Does there have to be a reason to buy a bigger phone other than just a bigger screen? The Plus model of the iPhone has already proved a runaway success with users, but with the iPhone 7 Apple chose to give it something extra – another camera.
The big brother touted two camera lenses to aid zooming in on your subject, and also record depth information used to make any portrait subject really stand out with a bokeh effect. They made a huge deal about this feature when showcasing the phone, and also in adverts, but it is hard for me to see the value without sacrificing stretching your palm and your trouser pockets.
The truth is as good as the portrait mode may be, the amount of times I have missed the other camera is next to none. Perhaps I am just able to get a bit closer to what I am taking a photo of. Maybe I simply don’t take the types of photos others do, but I wouldn’t give up a phone that fits in my pocket for a better zoom. What I really don’t need is yet another camera mode!

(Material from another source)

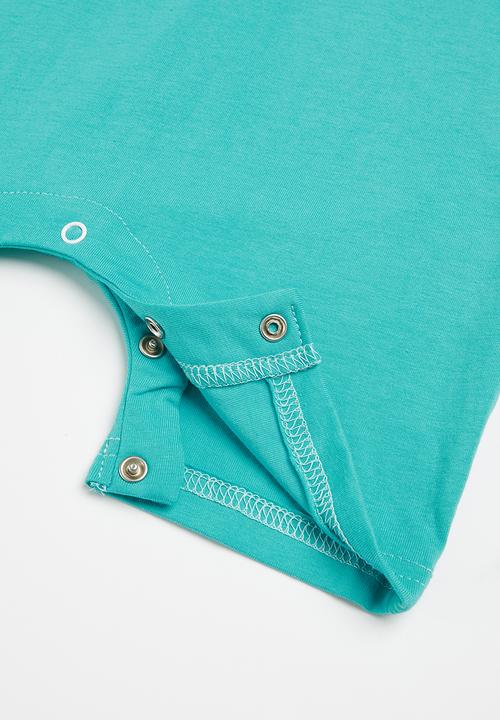 Pop Candy - Sleeveless romper - turquoise dino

Having to worry about what setting to select to best capture the scene in front of me negates the whole point of having an easy to use camera. A camera app should be intelligent enough to know I am taking a portrait without having to access a specific setting. Applying the necessary blurring and bokeh as required and making it customisable to your preference.
Sure enough Apple is half way there, in portrait mode the camera app saves a copy of the photo without any depth effect. So why on earth can’t this happen in reverse like HDR photos? Hopefully Cupertino engineers have managed to stuff enough dual camera computing power into the new iPhone to make a dual camera more intelligent. However the delay in figuring out something that has been the staple of Sony cameras for a number of years is a little worrying.
Until then, a simple, easy to use, single lens suits me fine, I don’t miss a dual camera at all.